Fall From Grace
Page 1
FALL FROM GRACE
DAVID MENON
EMPIRE PUBLICATIONS
MANCHESTER
www.empire-uk.com
www.davidmenon.com
*
DEDICATIONS
‘ … to Julie and Tony G for showing me the meaning of the word ‘family’ and to all those friends who’ve shone some much needed light into my period of black ink darkness over recent months … eternal gratitude and love … ‘
‘ … and to anyone who Falls from Grace whilst fighting long and hard just to make sure you survive … ‘
... And once again thanks to Maddie and the extended French side of my family for their revolution and for the delicious way they cook rabbit!
...And to my good friend Janet Keene for truly getting the story.
ACKNOWLEDGEMENTS
To Ashley, John, Sadie and the rest of the team at Empire for giving me this opportunity and for running the coolest publishing house from the coolest office in the shadow of the Old Trafford sacred ground. I think this now makes me part of the whole ‘Madchester’ scene and I couldn’t be more proud.
When you’ve a moment or two, check out the website www.republic.co.uk. ‘Republic’ is the organisation that campaigns for the replacement of the monarchy in Britain with an elected Head of State. Listen to the argument and join the debate.
You can reach me by one of the following thoroughly modern methods.
www.davidmenon.com
www.facebook.com/davidmenon
www.twitter.com/#ifanyonefalls
www.leftwingrealist.com – my political blog!
*
ONE
He’d always been known as Dr. Sprightly. Gerald Edwards had been a G.P in the North Derbyshire town of Glossop for the best part of fifty years until he retired on the same day that his beloved Margaret Thatcher was forced out of office by her spineless comrades. He would never forget the tears on her face as she made her way to the car outside number ten. She’d been betrayed and as far as Gerald was concerned they should all have been ashamed.

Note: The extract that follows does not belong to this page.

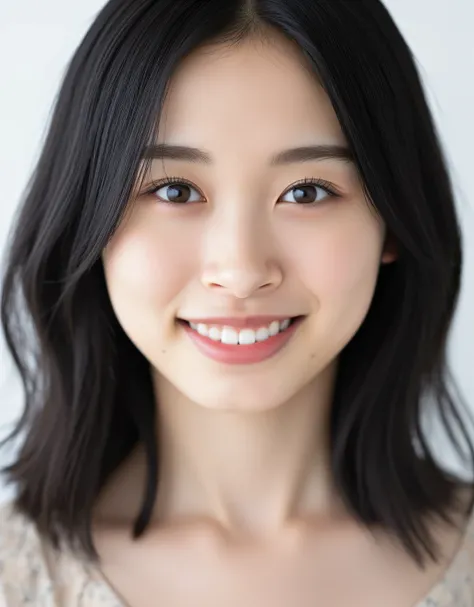 RAW photo, reality, ((staring)), ((focus on face)), ((close-up)), front view, Japanese woman, smiling, medium-long hair, black hair, wavy hair, nude, unedited, live-action, authentic, cute young girl, beautifully reflective eyes, beautifully detailed lips,...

He could no longer ride his bike into town but he could still walk down the hill with the best of them, although going back up took a little longer these days. As he got closer into town he exchanged greetings and short conversations with various people he passed along the way. His son and daughter had both followed in his footsteps into medicine and taken over the health centre out on the Buxton road that he’d started back in the sixties. All the family, his grandchildren included, were known around the town and most people also mentioned his dear wife Joan who’d passed away some years ago. It was for Joan that he kept up his routines. It was for her that he never left the house without wearing a tie, a jacket and his shoes polished. She wouldn’t have wanted him to have given up on himself. She’d been a dutiful wife and he owed it to her memory to keep up his appearance like she’d have wanted him to.
He bought some apples, pears and bananas at the greengrocer and put the three brown paper bags into the shopping bag that he’d kept in his pocket. He then went to the cake shop and bought a Victoria jam and cream sandwich that would probably last him two or three days, though his youngest grandchild Nicholas always called round on his way home from school. His other grandchildren were all at university.
He went into the newsagent and bought his copy of that day's Telegraph. He didn’t linger much in the newsagent these days. Since Mr. and Mrs. Singh had taken it over he didn’t care to. What on earth would he have to talk about with these Asian merchants? What could they say that would be of any interest to him?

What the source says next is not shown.